Current Key Issues in Development Studies
This course is about development and sustainability in times of poverty, inequality and climate change. It is interdisciplinary and attracts students from several social science disciplines and teachers from several departments at Lund University.
A major question addressed throughout the course is why there is poverty amidst plenty despite numerous development policies and comprehensive knowledge about inequality.
In the course we will highlight, discuss, and analyse current key issues in and for development and sustainability such as climate change, food production and distribution, global health, work and labour, democracy and governance, and intersectional inequalities based on age, class, gender, ethnicity, sex, and space.
Beyond these issues, the course offers an overview and critical scrutiny of development theory and the development discourse in a historical and social context. In the light of theoretical perspectives you will have the opportunity to deepen your understanding of a range of current and longterm development issues and new sustainability challenges.

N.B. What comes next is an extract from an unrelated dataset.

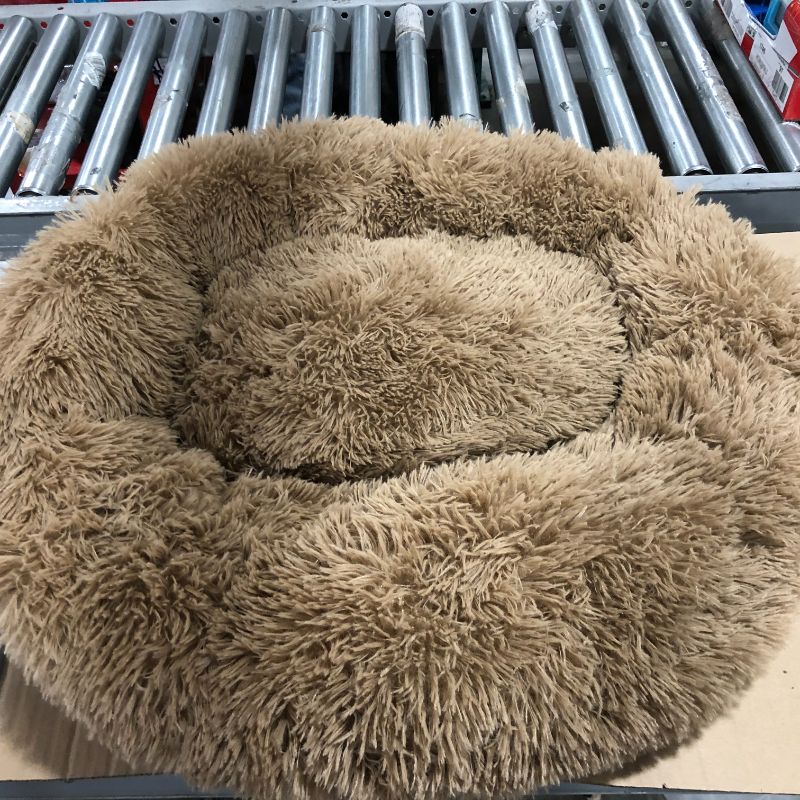 Photo 2 of CIRLCLE DOG BED 30IN ROUND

The overall aim in this course is to acquire knowledge and skills to critically examine, assess and understand theories, current issues, and long-term debates in development as well as changes over time in relation to various human-environmental conditions. In your own work, and informed by theory and history, you will explore aspects of the issues and their interconnections in further detail. This will promote self-directed and inquiry-based learning and enhance your understanding of development in theory and practice.
The course educates students for research and for professional development work in government agencies, business, NGOs, think tanks, etc. A critical social science approach should prepare you not only for third cycle studies but also for contributions to human development and sustainability, be it as a researcher or as a policymaker, practitioner, or trainer.

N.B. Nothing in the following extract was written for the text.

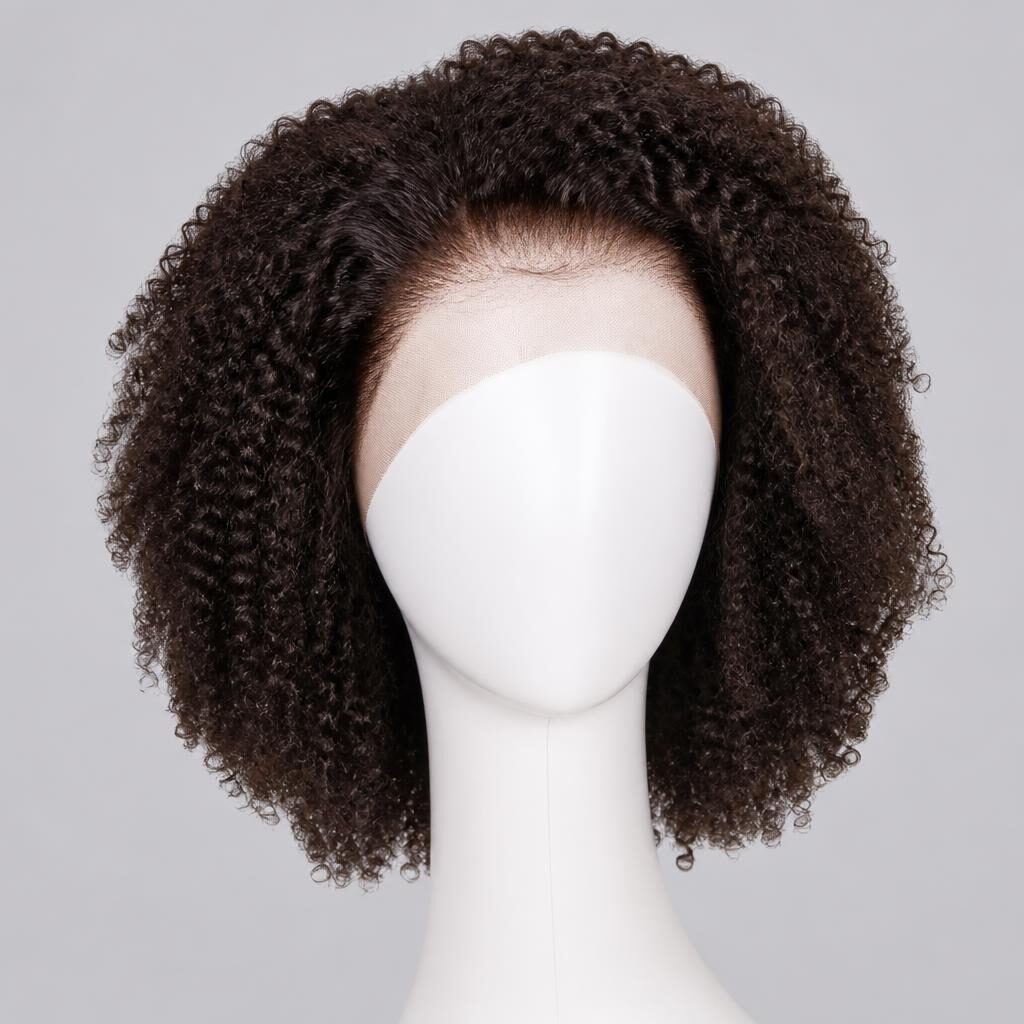 Kinky Curly Lace Front Wig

In the Words of the Course Coordinator
"The teaching team has evolved over the years in order to be able to offer a broad yet specialised introductory course to development studies. The teaching team is multidisciplinary and we have all worked as teachers within the field of development for many years. Collectively we have field experiences from Africa, Asia and South America. Development studies is interdisciplinary in character to begin with, but we try to let our own disciplinary backgrounds colour our teaching, primarily by focus but also theoretically and in view of methodology used in respective discipline. We strive to complement each other in terms of topics and perspectives but also in ways we teach and give feedback. Our hope is that the variation in course design will stimulate a good learning environment that will benefit the students in multiple ways."
Online course platform
This course uses Canvas as the online course platform. The course platform will be opened one week before the course begins to all students who were accepted. Here you will be able to access literature, assignments, announcements, as well as participate in discussions and communicate with teachers.
The course schedule can be found under the course information on the right. Please note that the final version of the schedule will be made available four weeks before the course begins, and changes may occur until that point. A more detailed schedule will be available on the course platform on Canvas.
Excerpts from student evaluations
“I learned a lot during the seminars and broadened my view about how complex development issues are and how many things you have to take into account if you fully want to understand/address them.”
“The most satisfactory aspect of the course was that) we always identified global issues/problems.”